HabanaAI / Model-References

Reference models for Intel(R) Gaudi(R) AI Accelerator
153 stars 79 forks source link

training time is slow because of PReLU #14

Closed anti-machinee closed 2 years ago

anti-machinee commented 2 years ago
greg-serochi commented 2 years ago

hi @anti-machinee, the SynapseAI Software stack does not yet support PReLU, so the activity here is falling back to run on CPU and taking more execution time. Since we do support standard ReLU, this is why it's 6x faster when using ReLU instead.

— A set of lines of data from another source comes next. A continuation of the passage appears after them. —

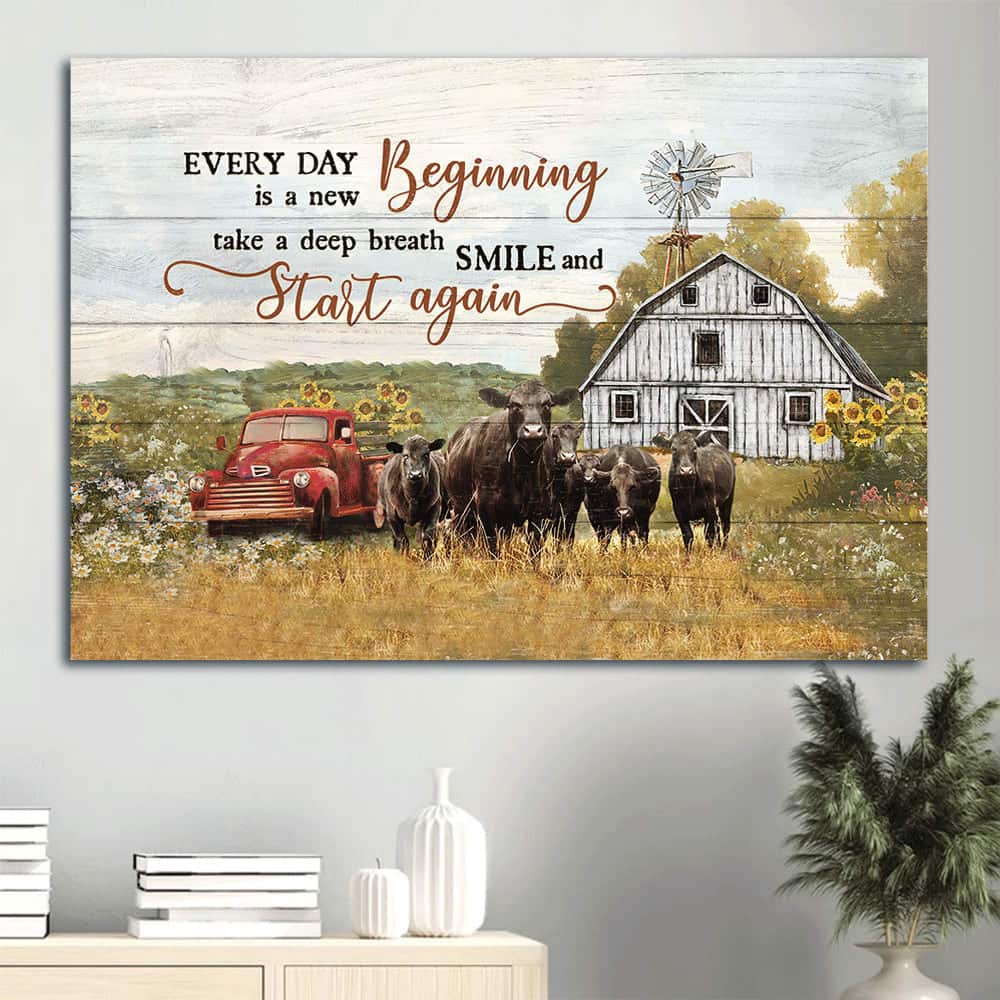Tranquil Farm Every Day Is A New Beginning Canvas Wall Art Tranquil Farm Every Day Is A New Beginning Canvas Wall Art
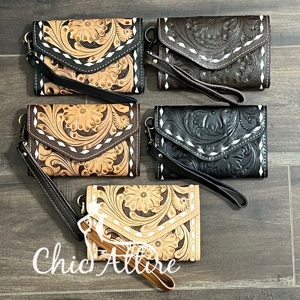 Low Price Fashionable Western Style Genuine Cowhide Leather Cowgirl Wallet Floral Pattern <b>Wristlet</b> Clutch for Travel Organizer - Product Image 1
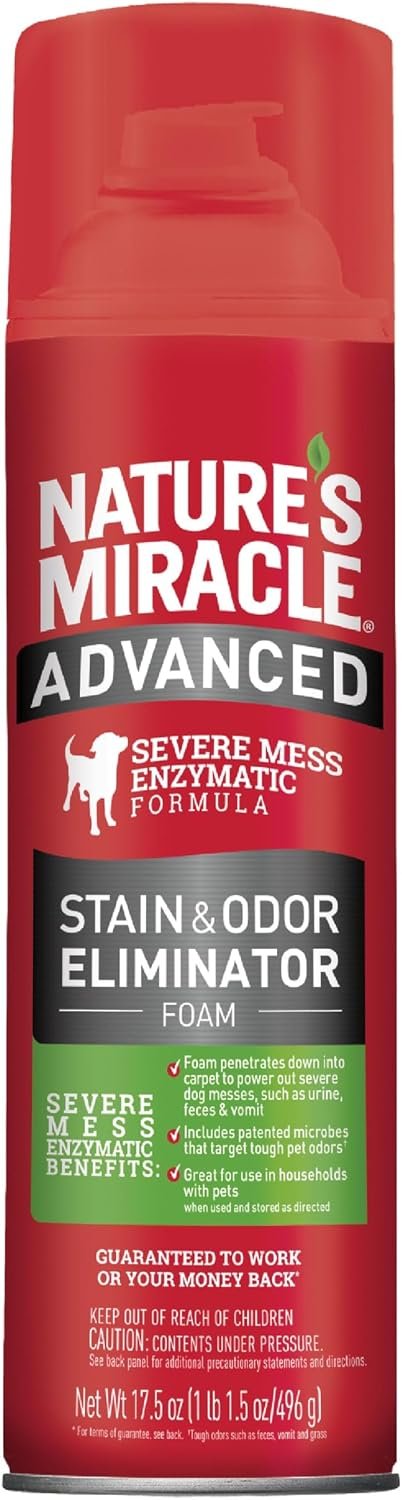 Nature’s Miracle Advanced Dog Stain & Odor Eliminator Foam, 17.5 oz (6 Pk)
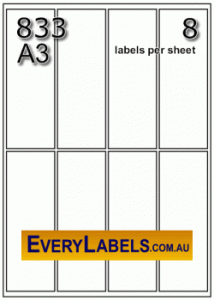 A3 - 8 labels - 833 - 69x200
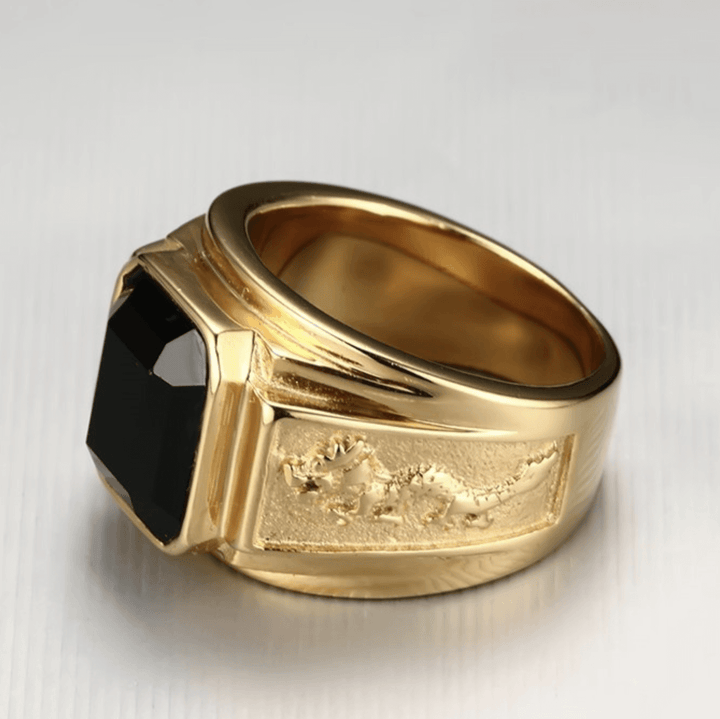 Black Crystal Lucky Dragon Ring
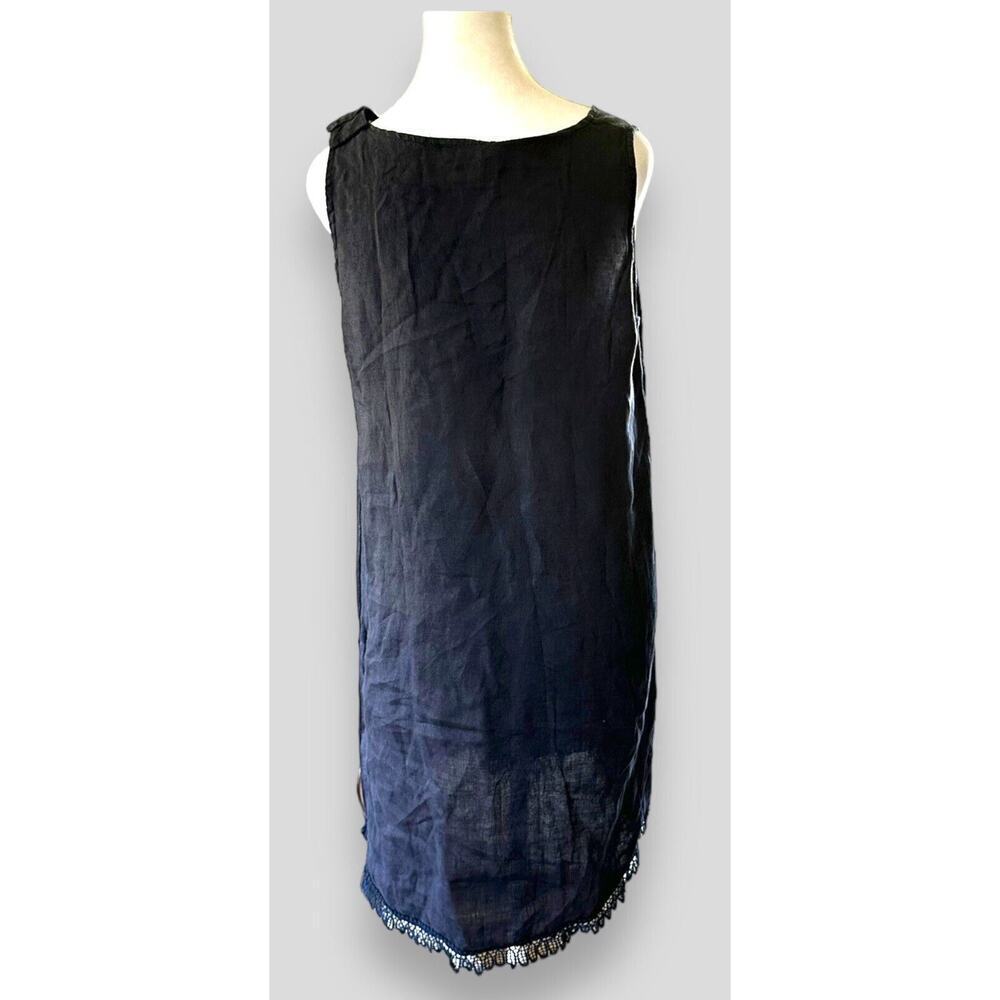 Bellambia Dress Linen Blue Eyelet Trim Italy Beach Boho Bow Lagenlook Coverup M - Picture 3 of 7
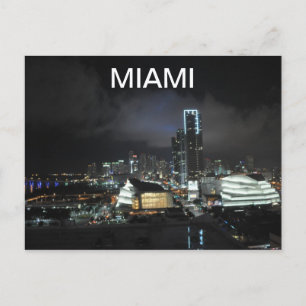 Miami in der Nacht Postkarte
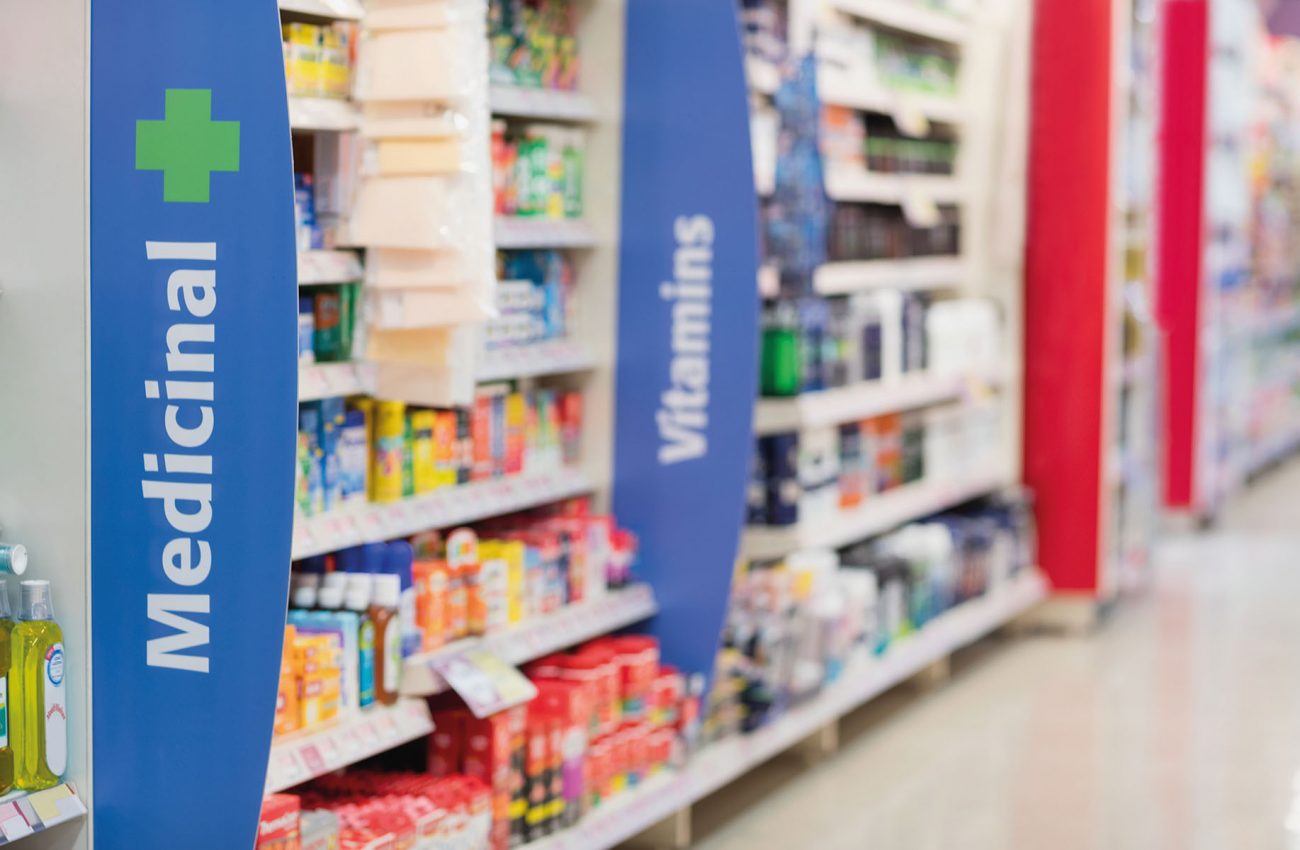 Side view of supermarket shelves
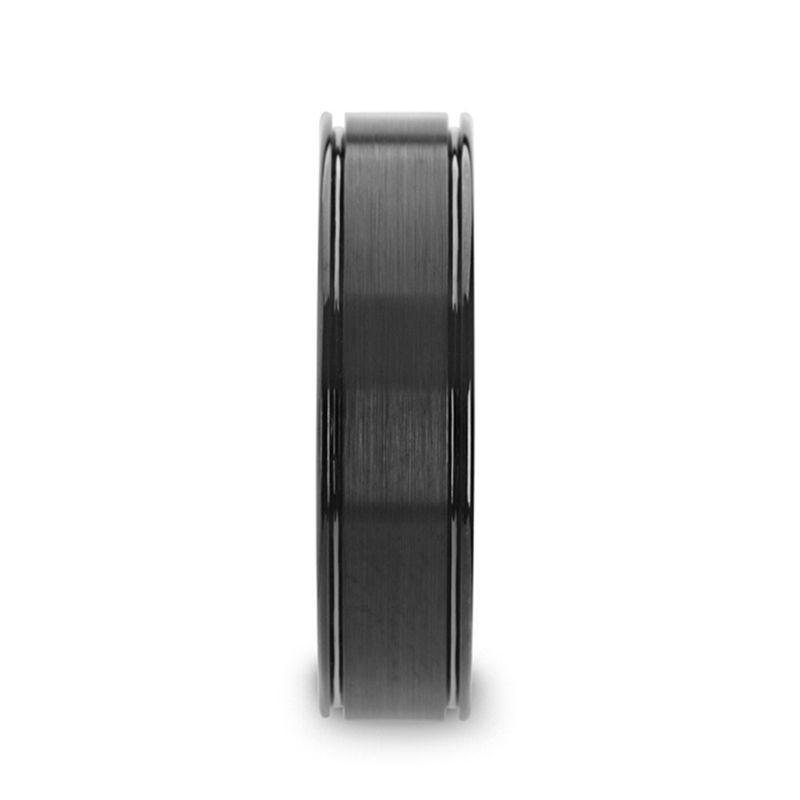 Thorsten TURNER Flat Brushed Finish Center Black Tungsten Carbide Wedding Band with Dual Offset Grooves and Polished Edges - 6mm & 8mm- Sparkle & Jade-SparkleAndJade.com 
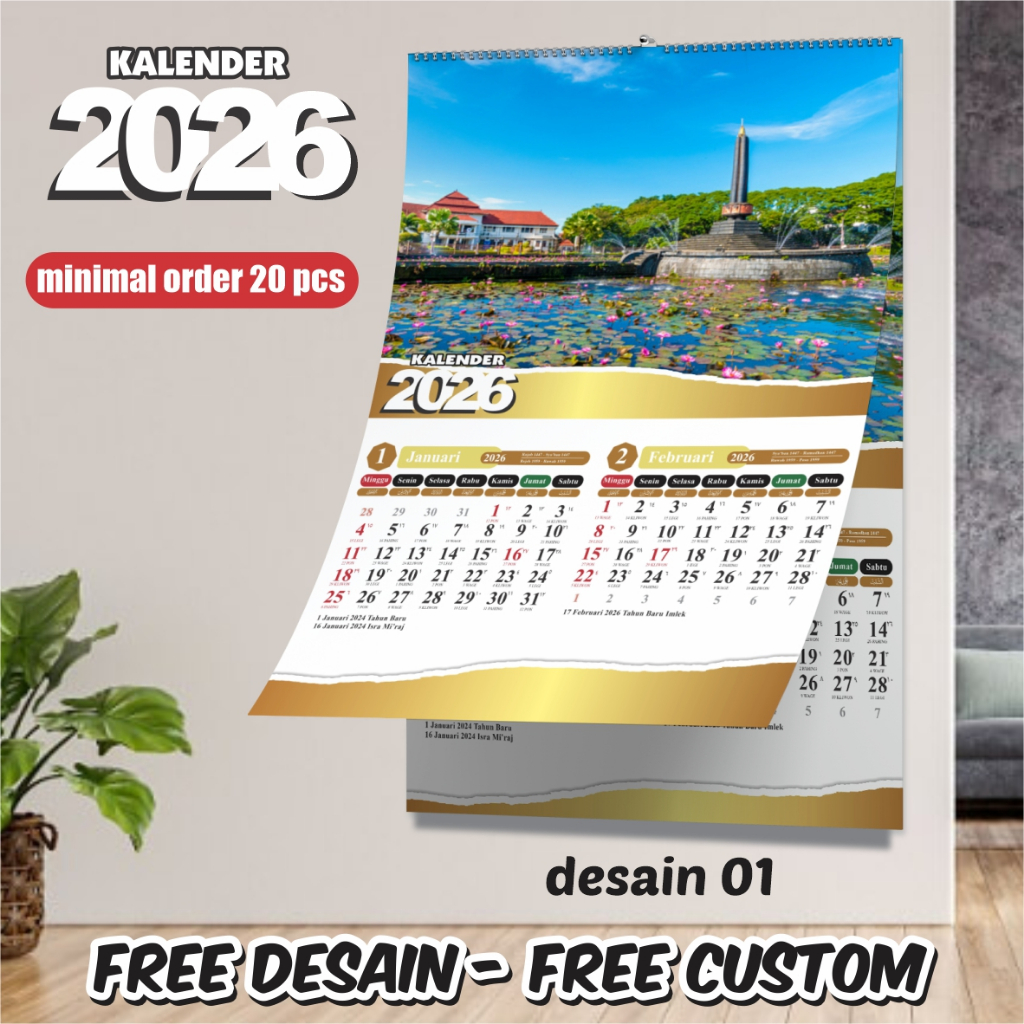 

KALENDER DINDING ISI 6 LBR UK 32X48 CM [MINIM 20 PCS]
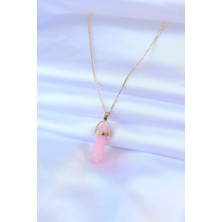 Moresun Buğz 316L Çelik Gold Renk Kristal Pembe Taş Model Kadın Kolye - Buğz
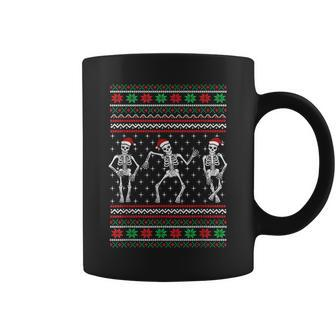 Dancing Skeletons Ugly Christmas Sweater Coffee Mug - Seseable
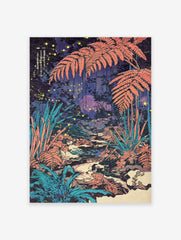 Japanese Firefly Forest Poster featuring coral ferns, a stream, and glowing fireflies in a dark, enchanting night scene.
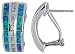 Sterling Silver, Synthetic Opal Inlay Clip Earrings with small CZ Stones, 7/8 (22 mm) long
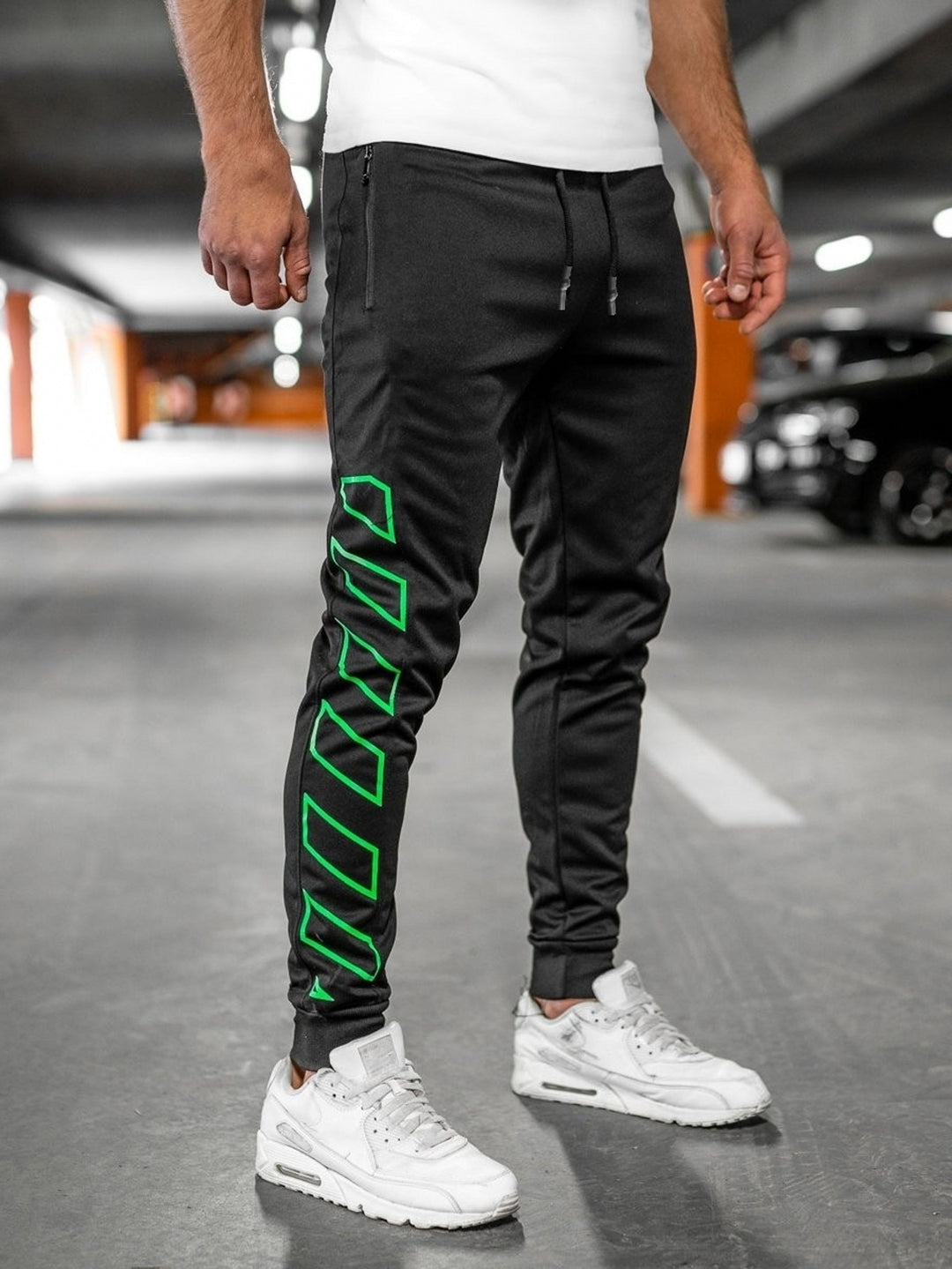Herren Sportliche Slim-Fit Jogginghose mit seitlichem Reißverschluss Aliams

The team did a check on some options here, moving your OPS to ReLU would be ideal, but there are other options to try, inspired by this: prelu(x) = relu(x) + alpha(x - abs(x)) 0.5

By the way, you can see the PyTorch OPS support in our documentations here

anti-machinee commented 2 years ago

@greg-serochi PReLU in Pytorch has an alpha which is learnable parameter. If I use only PreLU as formulation PReLU(x)=max(0,x)+a∗min(0,x) the speed is as same as ReLU but I just want to use PReLU with trainable parameter. Can you explain

  1. Why PReLU runs slowly in SynapseAI Software but fast in CUDA
  2. Are there any trick to use a learnable parameters in PReLu as default Pytorch
ssarkar2 commented 2 years ago

Hi @anti-machinee

Why PReLU runs slowly in SynapseAI Software but fast in CUDA: PReLU is falling back on CPU, gaudi does not support this. To workaround this for now, we have the following suggestions: a) Use relu if it suits your need b) implement prelu using basic ops, something similar to this. You can see @greg-serochi 's answer above

Are there any trick to use a learnable parameters in PReLu as default Pytorch Please refer to custom nn.modules with learnable parameters such as ones mentioned in this discussion. Create a nnmodule to represent Prelu, with a nn.Parameter for "alpha" in the constructor.

For example:

import torch
import torch.nn as nn

class Prelu(nn.Module):
    def __init__(self):
        super(Prelu, self).__init__()
        self.alpha = nn.Parameter(torch.randn(1), requires_grad=True)
        self.relu = nn.ReLU()

    def forward(self, x):
        return self.relu(x) + self.alpha*(x - torch.abs(x)) * 0.5

torch.manual_seed(1)

module = Prelu()
print( [i for i in module.parameters()])  
#[Parameter containing:
#tensor([0.6614], requires_grad=True)]

x = torch.tensor([1,2,-3,0])
res = module(x)
print(res)
#tensor([ 1.0000,  2.0000, -1.9841,  0.0000], grad_fn=<AddBackward0>)

From the definition of prelu in pytorch doc here: Here a is a learnable parameter. When called without arguments, nn.PReLU() uses a single parameter a across all input channels. If called with nn.PReLU(nChannels), a separate a is used for each input channel.

In my example, I have prelu as a single number used for all elements of x, but if you want, you can make "a" the same size as x or have "a" be the length of number-of-channels etc.

You could also look at this implementation of Prelu in pt code, and edit the forward function like in my example above

anti-machinee commented 2 years ago

Thank you @ssarkar2 I write PReLU by myself and it works, speed decrease from 7 hours (8 gaudi) to 2.5 hours (8 gaudi) so that model is different from the model use PReLU default but accuracy does not change much Another one, I use Pytorch PReLU formulation and this one is different from the formulation you use.

class PReLUCustom(nn.Module):

def __init__(self, num_parameters):
    super(PReLUCustom, self).__init__()
    self.weight = nn.Parameter(torch.FloatTensor(num_parameters))  # out, in
    # nn.init.xavier_uniform_(self.weight)
    self.relu = nn.ReLU()
def forward(self, _input):
    zero_tmp = torch.zeros_like(_input)
    x = self.relu(_input) + self.weight.unsqueeze(1).unsqueeze(2).expand_as(_input) * torch.min(zero_tmp, _input)
    return x
ssarkar2 commented 2 years ago

Yes, your implementation prelu(x) = relu(x) + w * min(0,x) looks correct as well. If you are unblocked, please feel free to close this issue, and you can keep an eye out here to see if we support prelu in the future

anti-machinee commented 2 years ago

Would PReLU be supported soon ?